WORK TASK: The reply should hold only the lines below beginning at the one with "Portrait of a beautiful tiger in the jungle" and ending at the one with "สีสันบนโลก 2", copied exactly, with every picture left out.

DATA FOR THIS EXERCISE:
┏━━
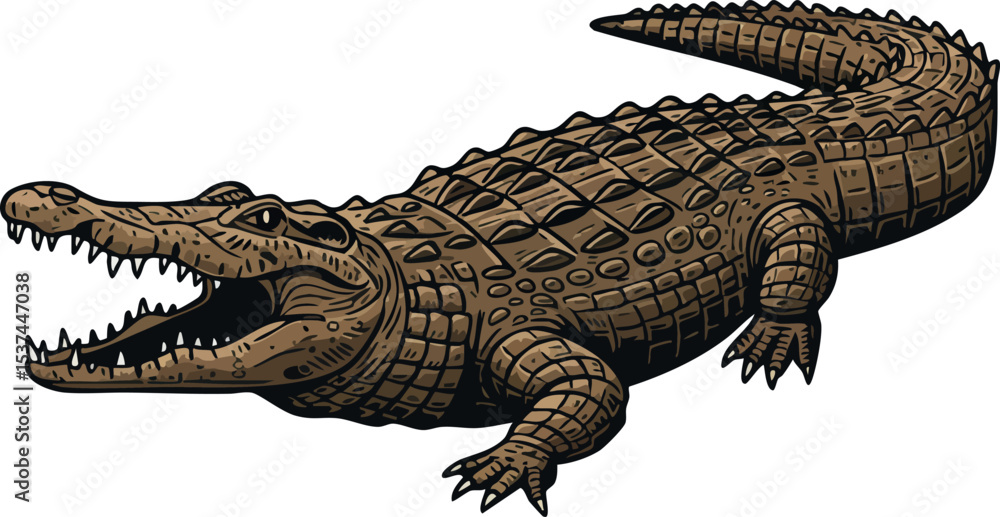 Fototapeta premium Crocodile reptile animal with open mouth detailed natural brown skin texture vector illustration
┗━━
┏━━
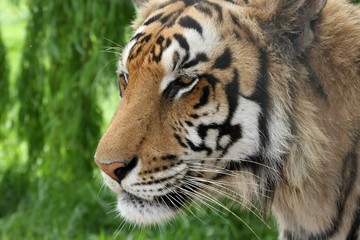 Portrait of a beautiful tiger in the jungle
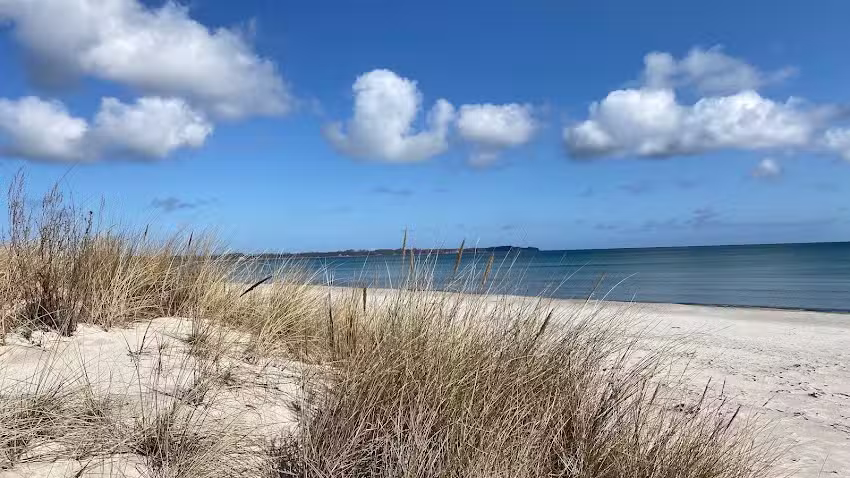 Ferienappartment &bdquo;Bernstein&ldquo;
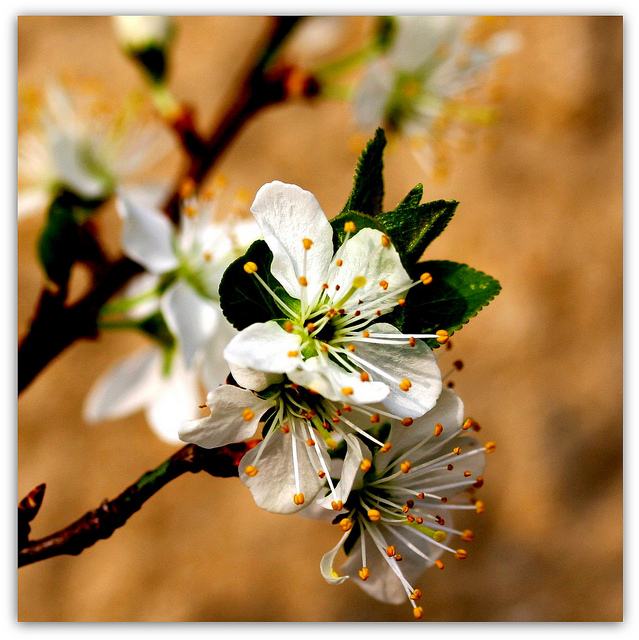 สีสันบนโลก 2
┗━━
ANSWER SPACE:
 Portrait of a beautiful tiger in the jungle
 Ferienappartment &bdquo;Bernstein&ldquo;
 สีสันบนโลก 2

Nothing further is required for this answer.